Our Founders
Ethel Yellen Levitt
(1911 – 1995)
Being one of the few women attending law school in the mid-1930’s wasn’t easy. “Boys used to laugh at us in school.” Ethel graduated from Southwestern Law School in 1937, passed the bar on her first try, and went on to co-found the first all-woman law firm in Los Angeles (Ethel pictured far left). After two years, Ethel left the firm to focus on her marriage to Herman Levitt and raise their children.
After Herman’s death in 1975, Ethel began thinking of her future. “During all those years, I had always been ‘Hy’s wife.’ After his death I wanted to be Ethel.’
Six years later she co-founded LevittQuinn.
Grace Quinn
(1915 – 2006)
Graduating from Roosevelt High School during the Depression, Grace worked her way through law school, passing the Bar in 1937. She married Joseph Quinn in 1941, who would go on to serve as deputy mayor to Sam Yorty.
Grace worked in the U.S. Attorney’s Los Angeles office for several years, until giving up practice during WWII.
Grace returned to law in the early 1950’s when she joined Legal Aid Foundation of Los Angeles, practicing there into the 1960’s. Twenty years later she found herself sitting next to Ethel Levitt at a charity luncheon. Soon after, Grace joined Ethel in the firm that became Levitt & Quinn Family Law Center, devoting the last two decades of her life to her passion – helping others.
Ziva Sirkis Naumann
Born in Israel, Ziva came to the U.S. with her first husband in 1958. While overseeing the Family Law Center for Legal Aid Foundation of Los Angeles, she met and mentored volunteer attorney Ethel Levitt. When steep 1981 federal budget cuts forced the Center’s closure, Ziva and Ethel, then grandmothers, crafted a plan to open a new center to save over 400 clients from losing their only access to real legal help.

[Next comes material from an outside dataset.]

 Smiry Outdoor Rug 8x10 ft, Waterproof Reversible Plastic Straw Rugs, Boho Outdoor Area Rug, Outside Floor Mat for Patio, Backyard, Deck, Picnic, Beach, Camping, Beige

Described as “humble and tender but powerful and decisive, equally gracious throwing parties for society as she is working for the poor,” Ziva served as LevittQuinn’s inaugural executive director, efficiently running operations, fundraising, and media relations with a velvet glove. Although retired now for many years, Ziva’s service continues. She returned to LevittQuinn’s board in 2017.